Shops that require protection for high risk goods held on the premises will usually need to declare the total values of each stock item. High risk shop stock and goods are those that attract thieves and are expensive to replace. Examples of high risk stock items are electronic equipment, cigarettes, and tobacco, designer clothing, computers and digital equipment, software, computer games and consoles, drugs pharmacy and medicines, watches and jewellery, mobile phones and radios, photographic equipment, power tools, TVs, DVDs, CDs and Wines and Spirits.
If your shop has high risk stock you can reduce the cost of your premiums by having adequate security in place. This includes an insurance company approved burglar and fire alarm, window grills, shutters and bars, CCTV and sprinklers. Many shop insurers will only offer stock cover if the minimum levels of security are in place for all shops, regardless of the stock contents held. A lot of insurers may offer further large discounts to the premium if the shop owner lives on or above the premises and is there at night.

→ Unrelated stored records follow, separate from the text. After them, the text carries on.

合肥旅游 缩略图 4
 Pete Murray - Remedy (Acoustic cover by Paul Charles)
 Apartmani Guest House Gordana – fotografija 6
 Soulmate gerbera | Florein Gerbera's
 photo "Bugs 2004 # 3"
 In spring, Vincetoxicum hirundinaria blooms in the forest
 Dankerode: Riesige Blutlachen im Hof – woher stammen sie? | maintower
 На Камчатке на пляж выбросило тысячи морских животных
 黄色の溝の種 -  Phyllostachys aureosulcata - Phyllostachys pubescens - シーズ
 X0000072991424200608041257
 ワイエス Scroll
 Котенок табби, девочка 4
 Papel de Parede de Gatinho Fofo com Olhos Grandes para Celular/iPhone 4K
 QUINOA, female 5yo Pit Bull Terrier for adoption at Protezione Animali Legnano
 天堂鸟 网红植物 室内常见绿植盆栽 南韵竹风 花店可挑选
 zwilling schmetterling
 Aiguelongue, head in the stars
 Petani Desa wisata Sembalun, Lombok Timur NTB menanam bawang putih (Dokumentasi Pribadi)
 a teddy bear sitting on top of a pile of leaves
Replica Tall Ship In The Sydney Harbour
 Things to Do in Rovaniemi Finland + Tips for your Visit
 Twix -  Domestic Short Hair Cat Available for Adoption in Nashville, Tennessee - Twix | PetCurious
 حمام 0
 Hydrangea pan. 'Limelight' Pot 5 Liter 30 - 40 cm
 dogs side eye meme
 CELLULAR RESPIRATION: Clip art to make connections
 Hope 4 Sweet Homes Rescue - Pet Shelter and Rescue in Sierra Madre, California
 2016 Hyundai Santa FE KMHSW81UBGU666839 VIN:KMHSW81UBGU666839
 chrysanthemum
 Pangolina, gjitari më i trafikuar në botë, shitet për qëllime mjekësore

Shops by their very nature deal with members of the public and a good insurance policy will usually contain liability cover as standard. This should include Public Liability of up to £2,000,000 for any one claim by a member of the public who may suffer loss or injury visiting the shop.
If you employ staff all policies will offer Employers Liability cover of up to £10,000,000 one event and because shops sell goods and services, Products Liability cover of £2,000,000 for any one period of insurance.
Other standard features of a shop insurance policy are various levels of cover for Legal expenses and Legal protection, Employers, Public and Products Liability, Loss of profits, Glass and Sanitary Ware, Money cover and staff Personal Accident assault, Business Interruption, Goods in Transit, Loss of Licence, Treatment Risks and Seasonal increases in stock contents value.